Section 53 and Schedule 13: Allocation of offences triable either way etc.

384.Section 53 introduces Schedule 13, which amends Schedule 3 to the 2003 Act.

385.Schedule 3 to the 2003 Act amends a number of Acts so as to provide a new scheme for determining the appropriate venue for either way cases together with a common mechanism, based on section 51 of the 1998 Act, for moving appropriate cases from the magistrates’ court to the Crown Court.

386.The amendments made by Schedule 3 to the 2003 Act achieve this through, firstly, a revised procedure (called allocation) for deciding whether a case that is triable either way should be heard in the magistrates’ court or in the Crown Court; secondly, abolition of committal and transfer proceedings and the substitution of a sending procedure like that already used to get indictable-only cases to the Crown Court; and, thirdly, abolition of the general power, contained in section 3 of the 2000 Act, to commit for sentence, except on a guilty plea “before venue” or where an indefinite or extended sentence is required.
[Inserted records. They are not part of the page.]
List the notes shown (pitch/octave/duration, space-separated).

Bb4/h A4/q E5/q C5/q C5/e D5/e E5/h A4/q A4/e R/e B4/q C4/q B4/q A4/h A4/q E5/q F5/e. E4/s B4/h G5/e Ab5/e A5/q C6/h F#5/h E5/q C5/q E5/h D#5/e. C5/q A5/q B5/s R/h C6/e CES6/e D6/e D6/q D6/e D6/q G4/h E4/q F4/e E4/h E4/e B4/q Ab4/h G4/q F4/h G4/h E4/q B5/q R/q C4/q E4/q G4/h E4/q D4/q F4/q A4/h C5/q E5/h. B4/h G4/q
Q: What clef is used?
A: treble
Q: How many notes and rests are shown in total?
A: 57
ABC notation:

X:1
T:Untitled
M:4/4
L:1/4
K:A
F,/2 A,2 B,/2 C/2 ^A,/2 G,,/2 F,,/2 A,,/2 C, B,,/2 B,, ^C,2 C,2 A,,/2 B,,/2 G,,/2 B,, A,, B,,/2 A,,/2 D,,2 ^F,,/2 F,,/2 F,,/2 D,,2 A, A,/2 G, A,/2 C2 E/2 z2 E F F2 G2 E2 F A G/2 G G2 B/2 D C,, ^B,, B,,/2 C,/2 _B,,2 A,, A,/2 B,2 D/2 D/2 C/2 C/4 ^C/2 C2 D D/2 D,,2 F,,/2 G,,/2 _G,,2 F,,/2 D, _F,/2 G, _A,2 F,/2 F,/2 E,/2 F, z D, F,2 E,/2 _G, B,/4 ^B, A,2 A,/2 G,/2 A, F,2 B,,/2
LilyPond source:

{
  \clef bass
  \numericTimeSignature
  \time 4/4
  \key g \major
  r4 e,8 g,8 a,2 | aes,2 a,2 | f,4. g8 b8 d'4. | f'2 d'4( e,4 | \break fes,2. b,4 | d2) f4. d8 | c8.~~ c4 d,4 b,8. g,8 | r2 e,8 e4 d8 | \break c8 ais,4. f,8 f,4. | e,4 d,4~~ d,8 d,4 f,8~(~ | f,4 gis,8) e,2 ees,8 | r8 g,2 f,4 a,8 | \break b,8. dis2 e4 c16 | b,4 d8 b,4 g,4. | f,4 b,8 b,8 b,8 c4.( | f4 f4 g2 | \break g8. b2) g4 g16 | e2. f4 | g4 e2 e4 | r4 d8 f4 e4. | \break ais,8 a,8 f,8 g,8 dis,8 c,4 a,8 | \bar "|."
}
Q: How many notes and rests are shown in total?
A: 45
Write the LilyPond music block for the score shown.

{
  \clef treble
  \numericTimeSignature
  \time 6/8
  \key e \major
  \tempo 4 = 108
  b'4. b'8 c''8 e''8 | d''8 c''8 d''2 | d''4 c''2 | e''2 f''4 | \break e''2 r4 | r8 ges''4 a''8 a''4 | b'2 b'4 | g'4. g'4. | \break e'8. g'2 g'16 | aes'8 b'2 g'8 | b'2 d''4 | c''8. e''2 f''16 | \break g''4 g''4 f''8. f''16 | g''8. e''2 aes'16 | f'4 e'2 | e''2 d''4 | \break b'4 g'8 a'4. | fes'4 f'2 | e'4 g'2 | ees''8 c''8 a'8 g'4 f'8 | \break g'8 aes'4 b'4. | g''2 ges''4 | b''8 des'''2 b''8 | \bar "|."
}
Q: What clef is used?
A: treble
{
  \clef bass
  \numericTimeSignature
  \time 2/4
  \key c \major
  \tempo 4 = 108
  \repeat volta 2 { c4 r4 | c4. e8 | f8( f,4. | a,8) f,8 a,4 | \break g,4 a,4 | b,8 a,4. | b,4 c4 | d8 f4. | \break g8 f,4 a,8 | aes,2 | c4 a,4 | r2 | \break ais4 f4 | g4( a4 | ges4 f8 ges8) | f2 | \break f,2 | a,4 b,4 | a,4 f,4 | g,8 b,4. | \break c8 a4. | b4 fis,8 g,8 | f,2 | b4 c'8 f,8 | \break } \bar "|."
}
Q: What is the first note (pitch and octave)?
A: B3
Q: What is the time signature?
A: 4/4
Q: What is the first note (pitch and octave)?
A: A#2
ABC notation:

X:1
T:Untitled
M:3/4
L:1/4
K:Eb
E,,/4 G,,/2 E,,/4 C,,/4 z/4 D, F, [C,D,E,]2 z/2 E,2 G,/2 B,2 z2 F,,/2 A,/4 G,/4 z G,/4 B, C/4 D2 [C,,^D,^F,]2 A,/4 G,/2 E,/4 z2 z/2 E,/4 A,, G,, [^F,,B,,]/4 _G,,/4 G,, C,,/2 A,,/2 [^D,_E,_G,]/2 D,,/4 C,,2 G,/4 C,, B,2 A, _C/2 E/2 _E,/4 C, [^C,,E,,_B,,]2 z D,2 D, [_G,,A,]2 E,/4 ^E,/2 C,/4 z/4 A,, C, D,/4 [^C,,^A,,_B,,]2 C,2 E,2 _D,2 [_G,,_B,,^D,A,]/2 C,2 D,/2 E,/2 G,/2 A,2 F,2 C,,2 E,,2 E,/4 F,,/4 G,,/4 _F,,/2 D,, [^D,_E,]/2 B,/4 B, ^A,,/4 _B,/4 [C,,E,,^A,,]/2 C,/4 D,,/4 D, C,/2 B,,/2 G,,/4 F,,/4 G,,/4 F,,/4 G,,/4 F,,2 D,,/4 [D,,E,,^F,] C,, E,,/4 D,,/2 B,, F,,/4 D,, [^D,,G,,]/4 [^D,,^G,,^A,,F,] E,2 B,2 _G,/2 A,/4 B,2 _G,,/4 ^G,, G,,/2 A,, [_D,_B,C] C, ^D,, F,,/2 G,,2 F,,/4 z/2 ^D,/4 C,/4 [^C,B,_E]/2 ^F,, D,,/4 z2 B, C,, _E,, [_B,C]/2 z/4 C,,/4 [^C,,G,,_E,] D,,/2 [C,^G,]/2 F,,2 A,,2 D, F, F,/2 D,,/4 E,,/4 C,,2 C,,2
Under the scheme, the general power of committal for sentence is abolished for cases that magistrates decide to hear.

387.Most of the provisions of Schedule 3 to the 2003 Act are not yet in force.

388.The principal amendment in Schedule 13, which is made by paragraph 7, is to preserve the general power of a magistrates' court to commit to the Crown Court for sentence an offender whom it has convicted after a summary trial, if it considers that a Crown Court sentence should be available. Paragraph 22 of Schedule 3 to the 2003 Act provided for this general power under section 3 of the 2000 Act to be replaced with a more limited power. As set out above, this limited the power to commit for sentence to cases where a defendant enters a guilty plea “before venue” (that is, before the court has made an allocation decision) to a serious either way offence which is beyond the magistrates’ powers of punishment. Paragraph 22 has not been brought into force and paragraph 7 of Schedule 13 to the Act removes it from Schedule 3 (so that the general power in section 3 of the 2000 Act will be preserved).

389.Although the general power to commit for sentence is preserved, paragraph 8 of Schedule 13 amends Schedule 3 to the 2003 Act to make amendments of section 3 of the 2000 Act. The most important of these is the repeal of subsection (2)(b). This subsection refers to the longer than commensurate sentence for violent and sexual offences in section 80 of the 2000 Act. As that section has now been repealed (subject to savings) and replaced by the dangerousness provisions in Chapter 5 of Part 12 of the 2003 Act, it is appropriate to repeal section 3(2)(b).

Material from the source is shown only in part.